Cnet News reports an Alabama photographer has been charged with child pornography.  For pictures of kids with clothes on.  That didn’t have any sexual contact.  From the article:

"I don’t know what the DOJ’s trying," said Lee Tien, an attorney at the Electronic Frontier Foundation, a civil liberties group. "The best I can say is that it’s puzzling that they would devote investigative and law enforcement resources to something (like this). This is a far cry from what folks normally think of as child pornography."

I can think of several reasons the move makes sense.  Pres.
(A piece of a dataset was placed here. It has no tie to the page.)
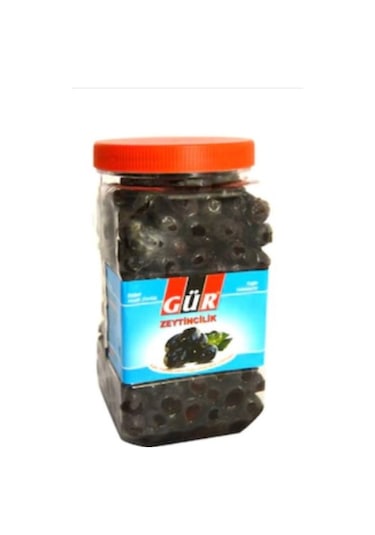 Gür Doğal Yağlı Salamura Siyah Zeytin Pet 2 x 1 KG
Bush and the DOJ crave headlines to distract and amaze voters.  The pursuit of pornography has build a lot of lucrative careers in the US Department of Justice — and those involved have to keep producing.  Well, this small portrait photographer in Alabama looks like easy pickings.  He lives in the states, isn’t a threat to anyone, few resources — conviction should be a slam dunk given the lawyers, funding, and media spin the DOJ can bring to bear.

Of course, the charges don’t have merit.  We routinely see children in catalogs and print and electronic media modeling clothes that are made to look suggestive on adults then cut down to kid size — exactly what the evidence photos show against Jeff Pierson, photographer.  JC Penney, New York Times, Vogue, and Seventeen magazines are all in trouble, if the empire builders at the DOJ have their way. 

Let me put it this way.  Bush has this drive to impose ‘Christian’ values on the country. This white, Anglo-Saxon Protestant President thinks that what his preacher and Sunday School teacher have to say about correct behavior should be applied to the nation.  Yes and no.  See, the constitution of the US forbids creation of a state church.  Using the DOJ to impose Bush’s protestant ethics is specifically prohibited.  A community wanting to post the 10 commandments in their courthouse, an official wanting a crucifix or nativity in their private area has nothing to do with this — worship by members of the nation or the government ’shall not be abridged’.  What is prohibited is imposing that religious expression on others.  This ‘panty raid’ does exactly that.

Put another way, the DOJ empire builders in charge are going to have a tough time proving that the pictures involved are contrary to ‘community values’, since they differ so little in degree from common advertisements and practices.

This is pure greed and ambition, and abuse of office.  In my opinion.  I mean, really, what can we expect?  The ‘war on poverty’ didn’t stop poverty, the efforts stopped.  The ‘war on drugs’ didn’t stop drugs, they just stopped issuing ‘bulletins’.  The ‘war on illegal immigration’ hasn’t actually accomplished anything.  The ‘war on pornography’ seems to have built child pornography into a billion dollar industry.  I would like an independent investigator to assure me that the leading figures in the DOJ aren’t involved in and profiting from the growth in child pornography, because they sure don’t seem to be slowing it down any.